Par Elijah J. Magnier

Traduction : Daniel G.

Les Gardiens de la Révolution iranienne ont publié les premiers détails de l’assassinat du chef du bureau politique du Hamas, Ismaïl Haniyeh. Certains aspects de l’incident n’ont pas été révélés par l’Iran. Il ne fait aucun doute qu’il y a eu une brèche près de la résidence de Haniyeh, d’autant plus que le missile a pénétré dans la chambre à coucher où Haniyeh se trouvait douze minutes seulement après son entrée dans l’appartement qui lui était réservé. Mais comme Haniyeh n’était pas une personnalité du domaine de la sécurité, ses mouvements n’étaient pas clandestins, donc publics, et l’on croyait qu’Israël ne violerait pas les frontières établies, étant donné la clôture du chapitre de l’attentat à la bombe contre le consulat iranien et la réponse subséquente de l’Iran. Néanmoins, le premier ministre israélien Benjamin Netanyahou a franchi ces lignes rouges en optant pour des réactions militaires réciproques.

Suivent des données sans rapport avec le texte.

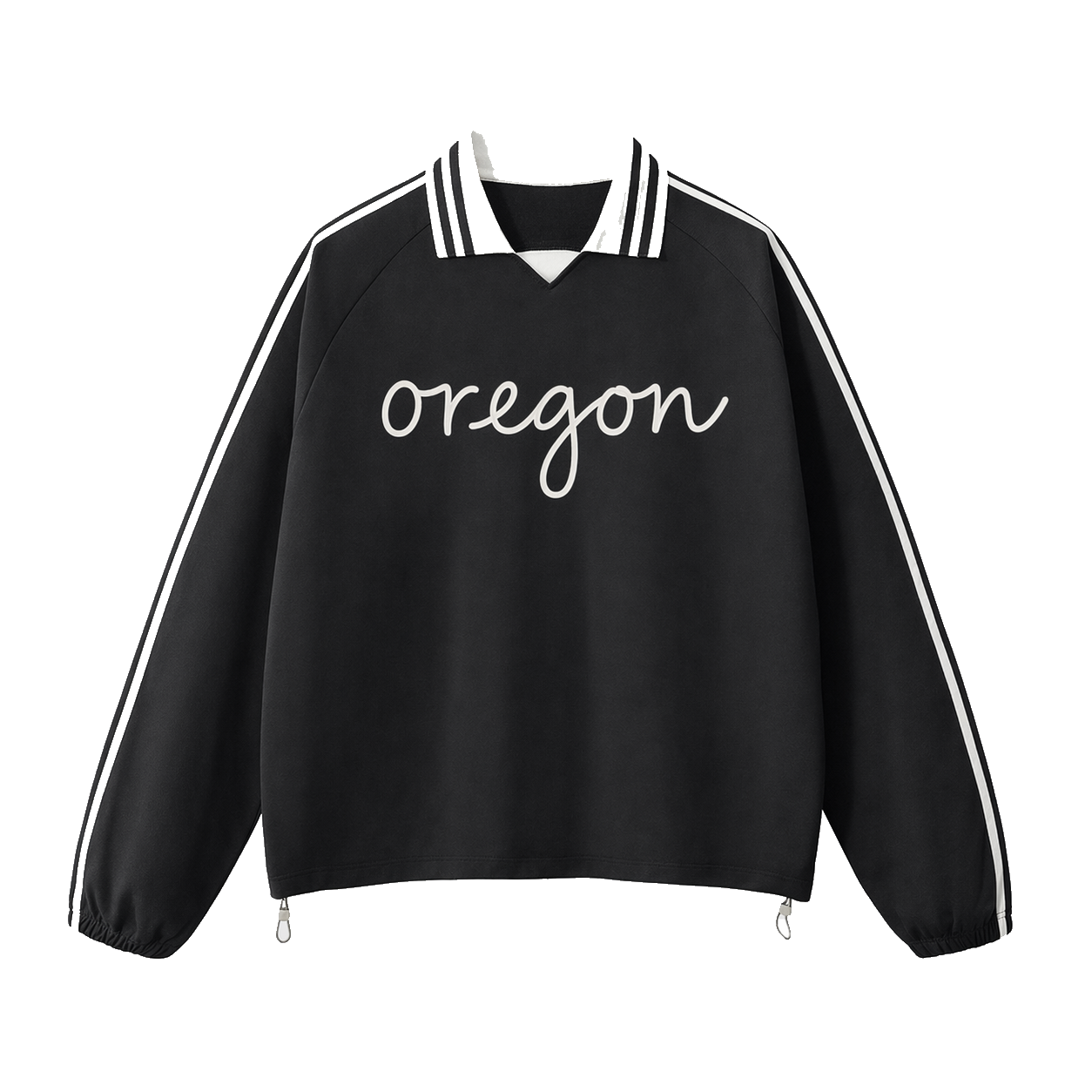 Collection 3 Oregon Contrast Striped Lapel Collar Sweatshirt - Black front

Sans surprise, le Mossad, l’agence nationale de renseignement israélien, a réussi à pénétrer la sécurité iranienne grâce à une combinaison de facteurs internes et externes. Israël n’a ni nié ni confirmé son implication dans l’assassinat, mais a exprimé sa volonté de répondre à toute action de l’Iran sans en contester la cause. Israël est donc impliqué, notamment parce que Netanyahou a agi en imitant James Bond, l’agent d’espionnage britannique qui mène des opérations dans des pays étrangers sans en subir les conséquences, en présentant les assassinats et leurs résultats comme de simples jeux de guerre dont il sort triomphant et victorieux.

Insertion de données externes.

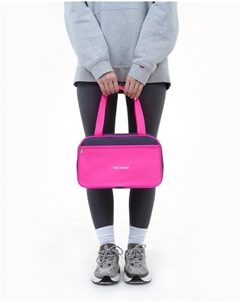 Сумка для обуви, на молнии наружный карман, размер 33×10×20 см, серая/розовая Textura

Téhéran présente plusieurs points faibles qui permettent aux services de renseignement internationaux de mener des opérations terroristes à l’intérieur de l’Iran. Les régions du Kurdistan et du Baloutchistan, qui abritent d’importantes minorités ethniques historiquement en désaccord avec le gouvernement central iranien, constituent un terrain fertile pour le recrutement. Ces mouvements séparatistes peuvent être exploités pour recueillir des renseignements, infiltrer des agents, obtenir un soutien local et s’assurer des refuges.

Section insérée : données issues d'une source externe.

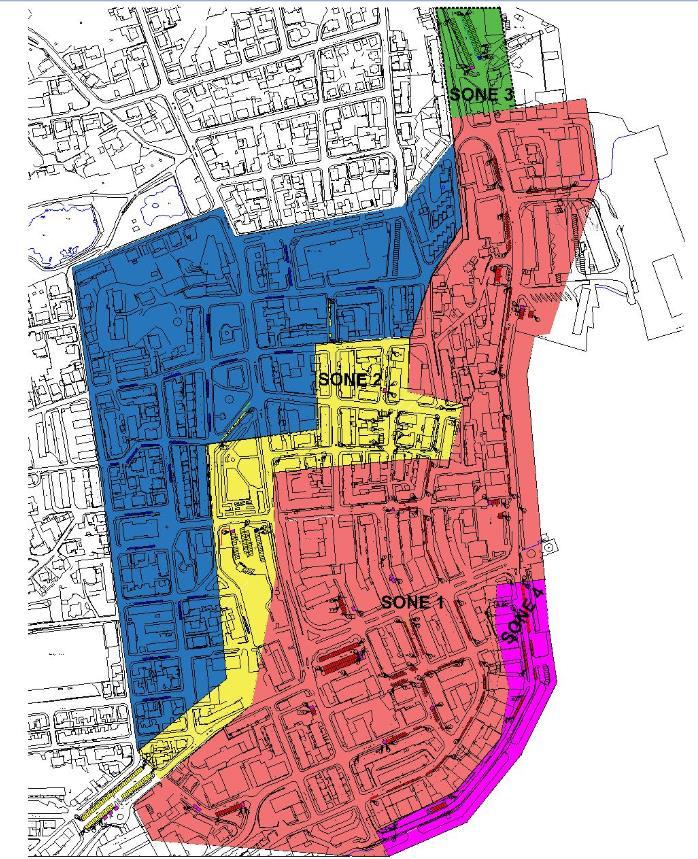 2 FIGUR 1 Oversikt over området som omfattes av : Sone 1 : Sone 2 : Sone 3 : Sone 4 : Boligsone med avgiftsfri parkering 1.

En outre, la diaspora iranienne, en particulier les opposants à la République islamique, constitue une ressource précieuse pour les services de renseignement. Les expatriés peuvent fournir des connaissances d’initiés cruciales, une vision culturelle et des compétences linguistiques, facilitant ainsi le soutien logistique des opérations de sabotage.

L’impact des sanctions économiques, en place depuis 1980 et renforcées par chaque administration américaine successive, ne doit pas être sous-estimé. Ces sanctions ont affaibli l’économie iranienne et suscité un mécontentement généralisé au sein de la population. Ce mécontentement peut porter atteinte à la sécurité nationale en permettant aux services de renseignement étrangers de trouver plus facilement des collaborateurs et de soutenir les mouvements d’opposition qui fournissent des informations essentielles et facilitent les activités de sabotage et de terrorisme.